Agnese fu sepolta in un cimitero ipogeo già esistente, che le fonti antiche affermano essere di proprietà della famiglia della martire, e collocato nei pressi di un possedimento imperiale. Dallo studio delle fonti epigrafiche e dalla tipologia di sepoltura si deduce che questo cimitero risale alla seconda metà del III secolo e corrisponde alla prima regione dell'intero complesso sotterraneo. Sopra questa catacomba fu edificata in memoria della martire una edicola, al tempo del papa Liberio (352-366), trasformata da papa Simmaco (498-514) in una basilichetta, ed infine completamente rifatta e trasformata nell'attuale basilica da papa Onorio I nella prima metà del VII secolo: l'edificazione della basilica onoriana comportarono tagli e distruzioni della sottostante catacomba.

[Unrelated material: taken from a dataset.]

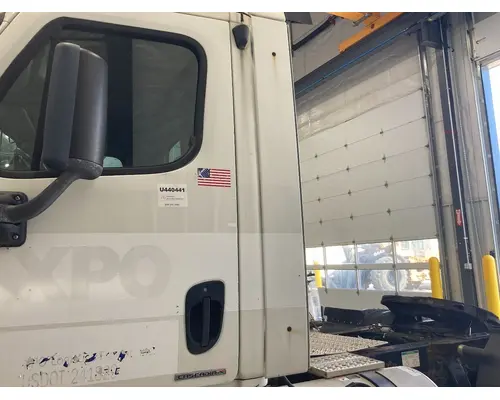 Freightliner CASCADIA Fairing (Side)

Nel corso del IV secolo, al primitivo nucleo cimiteriale, se ne aggiunsero altri, che oggi corrispondono alle altre tre regioni. In particolare, il terreno subdiale sopra la quarta regione fu espropriato dall'imperatore Costantino che vi edificò la prima basilica dedicata alla martire Agnese (oggi ridotta a ruderi) ed il mausoleo di Costantina, ove poi saranno sepolte le figlie dell'imperatore, Costantina appunto ed Elena. Scavi condotti negli anni settanta del XX secolo hanno dimostrato che il sopraterra della quarta regione era occupato da una necropoli pagana risalente alla metà del II secolo, distrutta per la costruzione della basilica costantiniana: la stessa cosa era avvenuta sul colle Vaticano quando, per la costruzione della basilica di san Pietro, l'imperatore Costantino ordinò la distruzione e l'interramento della precedente necropoli.
L'intero complesso catacombale fu in seguito abbandonato e dimenticato. Venne riscoperto ed esplorato all'inizio del XVI secolo da un frate domenicano, Onofrio Panvinio. Divenne poi oggetto di studio di Antonio Bosio nella sua Roma sotterranea (1632), il quale però la confuse con il vicino Coemeterium maius, collegato alla nostra catacomba da un antico arenario. Nel corso del Settecento la catacomba di sant'Agnese, e soprattutto la seconda regione, fu gravemente danneggiata dai cosiddetti corpisantari, cercatori di reliquie e tesori. Su incarico di Giovanni Battista de Rossi, nella seconda metà del XIX secolo Mariano Armellini operò una serie di scavi del cimitero ipogeo, riportando alla luce, in buono stato di conservazione, alcune sue parti: dobbiamo all'Armellini la distinzione della catacomba in quattro regioni. All'inizio del Novecento il sacerdote Augusto Bacci, su incarico del cardinale titolare della basilica, fece una campagna di scavi, fondamentale per la ricostruzione storico-topografica della memoria di sant'Agnese e della prima regione. Infine negli anni 1971-72 il sacerdote Umberto Maria Fasola studiò la quarta regione, giungendo alle conclusioni di cui si è già fatto cenno sopra.